Mindful listening as a force for innovation

“Without mindful listening it is simply not possible to extract what is important from what is said and to make the kind of connections that are needed for innovation.”

Cristina Bianchi / Maureen Steele writing in Coaching for Innovation

What is mindful listening?

The ability to be a keen observer of even the smallest details is an important skill that innovators have in common. Thanks to this skill, innovators are able to pick up on more and make better connections. It is this ability to think associatively that leads to insights about new ways of doing things.

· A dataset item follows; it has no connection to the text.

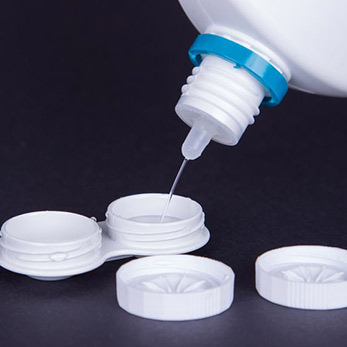 Contact lens hygiene and cleaning solutions? 4 filling a contact lens case with contact lens disinfectant.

Developing your powers of observation and the ability to listen at a very high level – listening mindfully – will enable you to make better connections based on what you are hearing, seeing and sensing.

Hearing is a physiological process. It is largely passive and happens automatically although thankfully, you can sometimes choose to filter out those things you don’t want to hear and ignore them.

Listening comes about as a result of a choice to pay attention, and is largely active. Listening actively means you place yourself at the service of the speaker and provide feedback on what you hear by restating, paraphrasing, and summarising.

Listening mindfully implies that you activate your observational skills to the maximum and all of your senses, not just hearing, are receptive to what is going on around you.

When you listen mindfully:

  • You are fully present in the dialogue with all this entails, mind, body and soul and yet you retain the objective ability to observe the discussion from different angles.
  • You clear your mind of any unrelated matter, your preconceptions and judgements whilst retaining your critical thinking ability and keeping sight of your intention and purpose.
  • You listen to both what is being said and how it is being said, making an effort to understand the interest and intent of the speaker and their perspective.
  • You demonstrate that you have not only heard but understood by reflecting back and summarising what the other has said.
  • You are not only a sounding board and a channel but also a catalyst who actively seeks to ask questions and make challenges in order to move the dialogue forward.
  • You balance your input and contribution with appropriate use of silence to give the speaker whatever space is needed to think.
  • You pay keen attention and observe all the signals that are available to get clues about how to make your question and input relevant, timely and well formulated.
  • You are aware of the effects of your non–verbal communication on the other person and understand the impact it has on the direction and tone of the dialogue.
  • You are clear about what you want to achieve at all stages of the discussion and you consciously align your non–verbal communication with your purpose.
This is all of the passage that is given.